Saul then stepped out into the area beyond, on to slate-grey carbocrete slabs once the product of CO2-trapping plants across the European Union, later Pan Europa.
The guard he’d seen leaving the booth earlier appeared round the end of a compound surrounded by iron palings, within which stood a scattering of fat-tyred electric cars with trailers attached. He guessed that one of these had been used to transport, to some larger gate, the crate he’d found himself inside two years earlier, there to be collected by transvan.
‘Citizen Avram Coran,’ the man greeted him.
He was a standard Inspectorate enforcer, without the kind of augmentations the bodyguards employed, yet who wore a bullet- and stab-proof jacket as part of his uniform, and carried a machine pistol, ionic stunner and telescopic truncheon. His shaven head and heavily muscled thickset physique could have fitted easily into a black uniform adorned with silver thunderbolts at the lapels, Saul reckoned.
‘Citizen,’ Saul replied, with a nod of his head.

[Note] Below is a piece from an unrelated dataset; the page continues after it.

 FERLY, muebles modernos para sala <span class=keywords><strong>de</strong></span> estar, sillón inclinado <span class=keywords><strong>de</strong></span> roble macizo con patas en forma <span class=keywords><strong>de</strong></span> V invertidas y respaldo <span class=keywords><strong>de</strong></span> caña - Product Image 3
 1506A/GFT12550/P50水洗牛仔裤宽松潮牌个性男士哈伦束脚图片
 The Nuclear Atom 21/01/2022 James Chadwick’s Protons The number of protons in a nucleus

‘We were not informed of your visit,’ the guard tried.
‘That would rather defeat the purpose of my visit.’
The guard’s face fell; an inspection, then. ‘May I assist you, sir?’

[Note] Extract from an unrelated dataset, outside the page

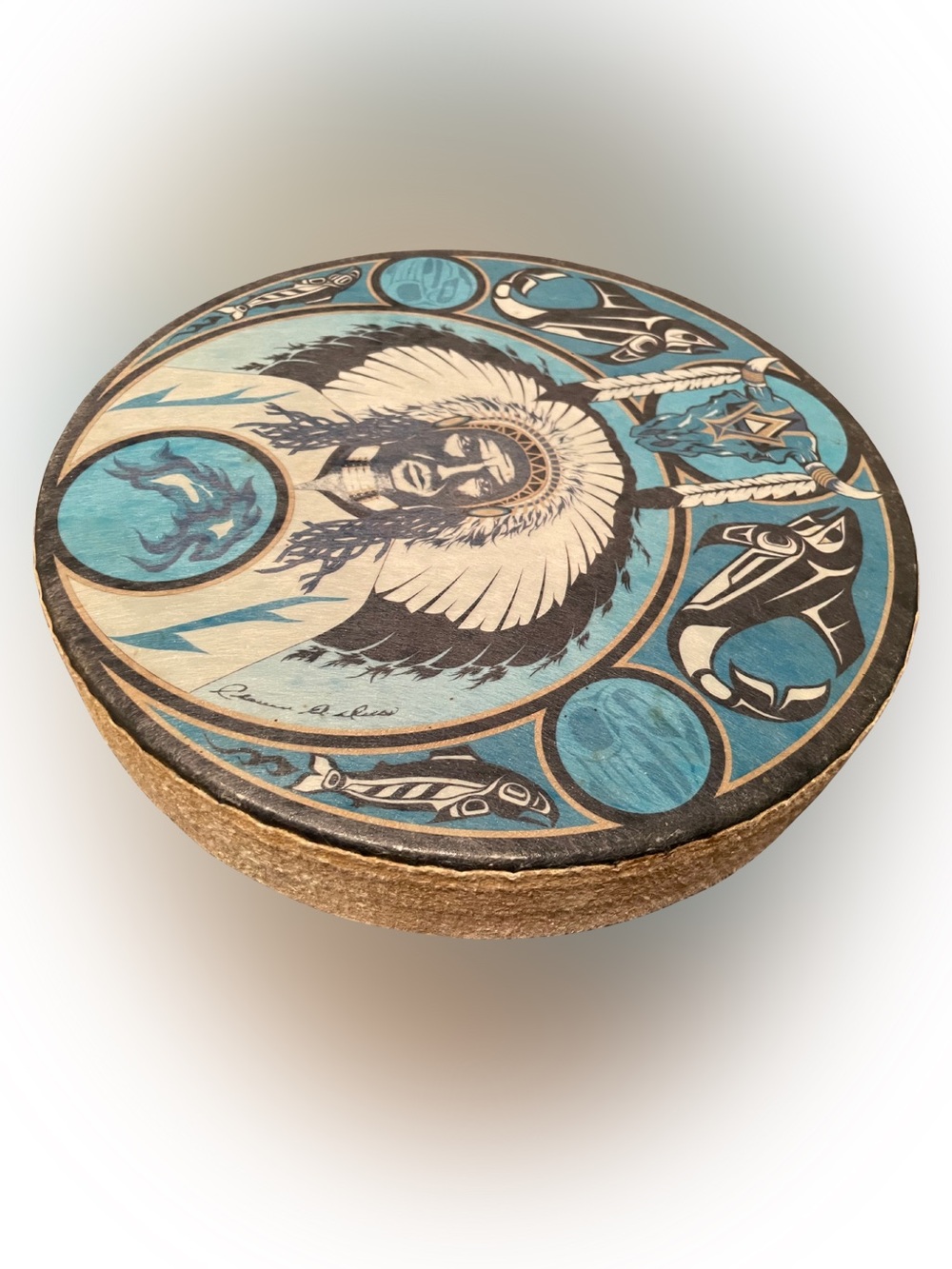 Rare Clarence A. Wells First Nations 11” Hand Drum, Signed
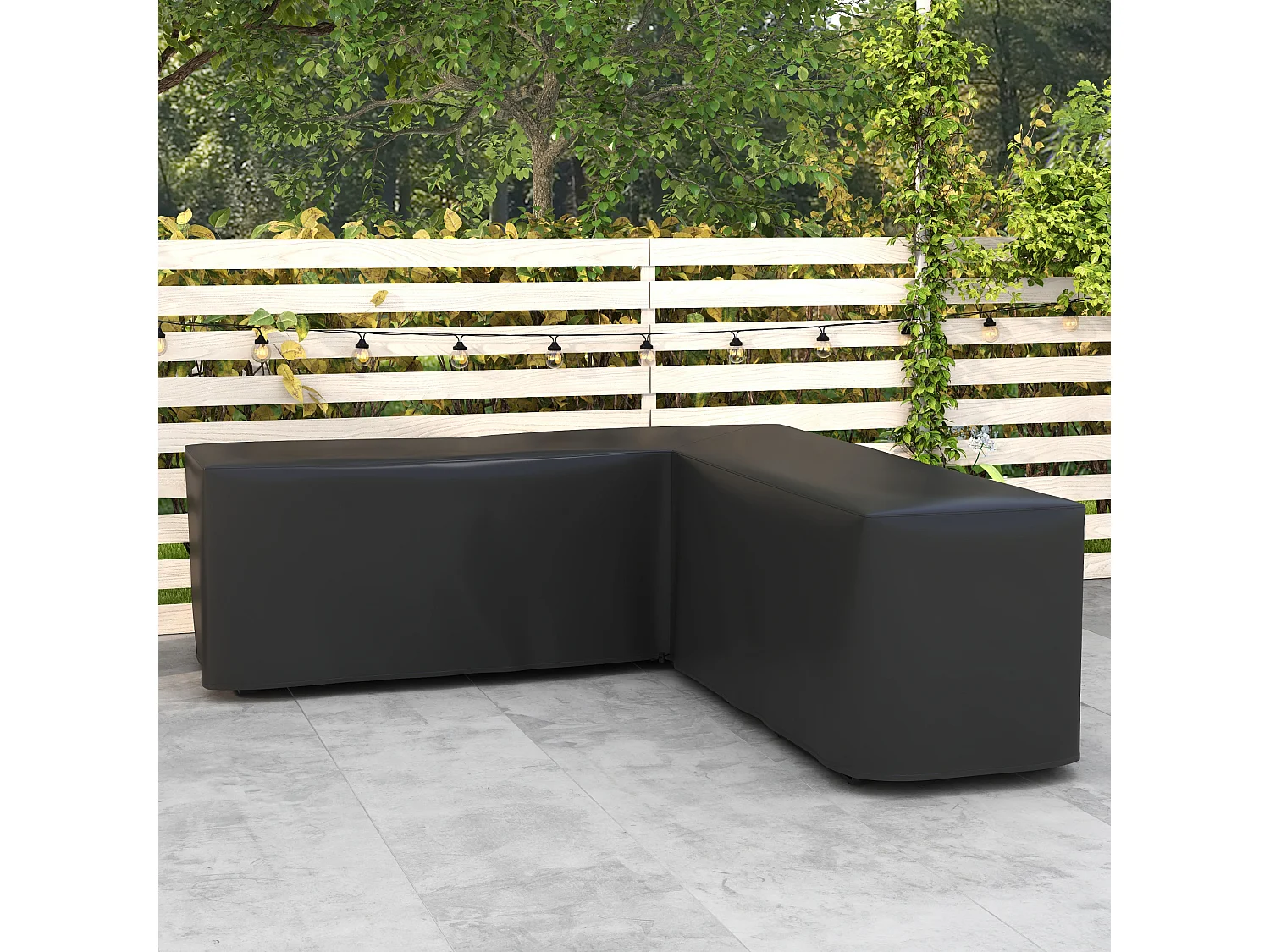 Housse de protection salon de jardin d'angle - imperméable, anti-UV - dim. 250L x 250l x 79H cm - noir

‘You may.’ Saul pointed towards the compound. ‘My first port of call must be the Complex Security monitoring room.’
The guard turned away and headed over to the gate leading into the compound, which immediately slid aside as a smaller scanner beside it read his implant. Walking inside, he climbed into the driving seat of an electric car towing a small trailer fitted with a perspex roof and four seats. The vehicle’s engine was utterly silent as it pulled out, the only sound those fat tyres on the faking carbocrete. Saul climbed into the back as it paused, his briefcase perched on his knees – the very image of an officious inspector.
‘We’ve been very busy here lately,’ the guard told him, glancing over his shoulder as he pulled away. Saul deliberately showed a flash of annoyance, but the guard missed it. ‘We’re even having to double up on some of the cells, and that’s never a great idea. Sharing a cell with another prisoner can give each of them psychological support, isn’t that right?’
Damn, despite him being considered the perpetrator of a feared surprise inspection, he’d now got Mr Friendly Guy guard with a case of verbal diarrhoea, or perhaps this man was just the sort who babbled whenever nervous. Then, again, he might be letting ‘Inspector Coran’ know about the doubling up as quickly as possible, since it was probably against the regulations.
‘I’m sure that doesn’t mean sufficient psychological support to make any of the inmates too difficult?’ he suggested.
‘We’re trying to use it to our advantage.’ The guard nodded enthusiastically as he steered the vehicle into an aisle between two cell blocks. ‘After a few days, we move one of the inmates and tell the one remaining that their cellmate died under inducement . . . weak heart or something. Anyway, most of ’em aren’t in here long enough for it to become a problem.’